### THE TASK
Output the listing verbatim, leaving out every picture.

### DATASET CONTENT
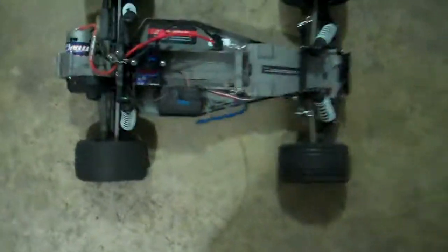So, the Slash is out of commission for a while. Let's go to the Rustler. I haven't been doing much with it, mainly because I have a faster car. But I took it out to the park the other day, and this thing jumps high — and I mean really high. Higher than the Jeffrey Stampede. It was pretty cool.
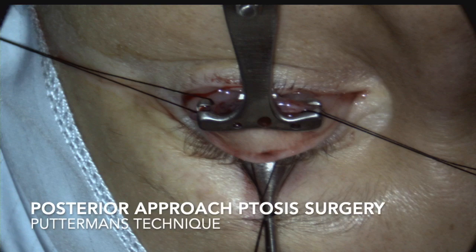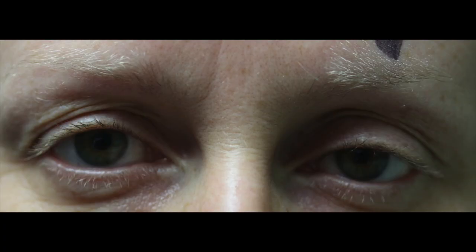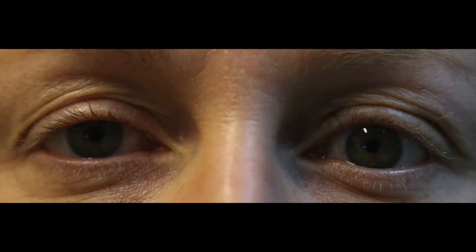Putterman's technique is a relatively quick method of posterior ptosis surgery. It is often used for mild ptosis with good levator function and typically maintains a good lid contour postoperatively.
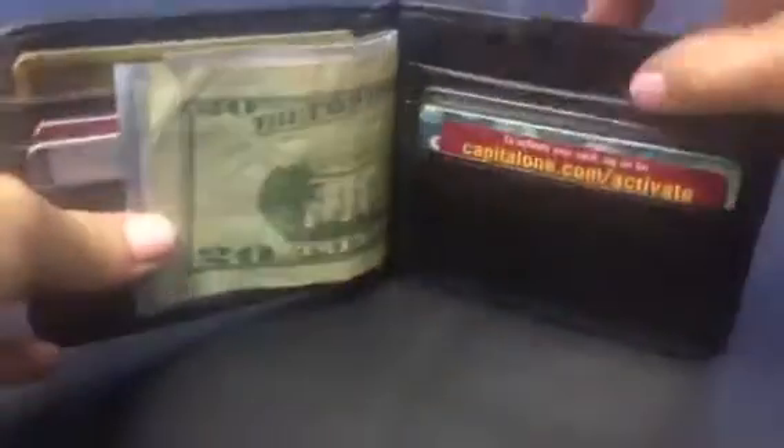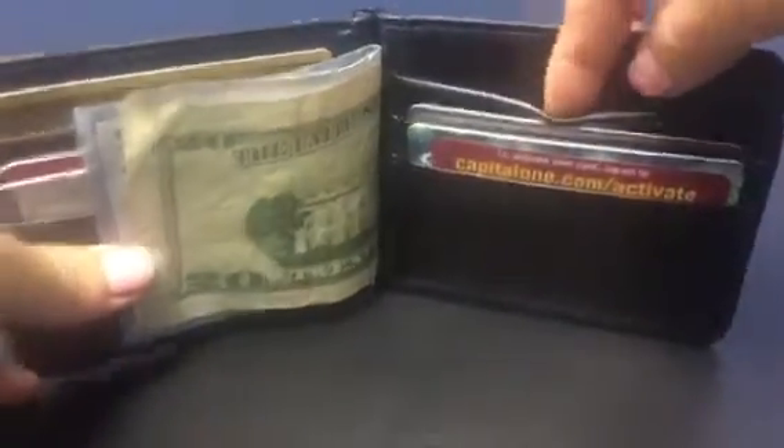Well-made, pretty nice, good material leather and it's soft. It does hold a couple — four or five credit cards no problem — and very easy to have access to the cash with this little clip right here. Very well made.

### FINISHED TASK
So, the Slash is out of commission for a while. Let's go to the Rustler. I haven't been doing much with it, mainly because I have a faster car. But I took it out to the park the other day, and this thing jumps high — and I mean really high. Higher than the Jeffrey Stampede. It was pretty cool.
Putterman's technique is a relatively quick method of posterior ptosis surgery. It is often used for mild ptosis with good levator function and typically maintains a good lid contour postoperatively.
Well-made, pretty nice, good material leather and it's soft. It does hold a couple — four or five credit cards no problem — and very easy to have access to the cash with this little clip right here. Very well made.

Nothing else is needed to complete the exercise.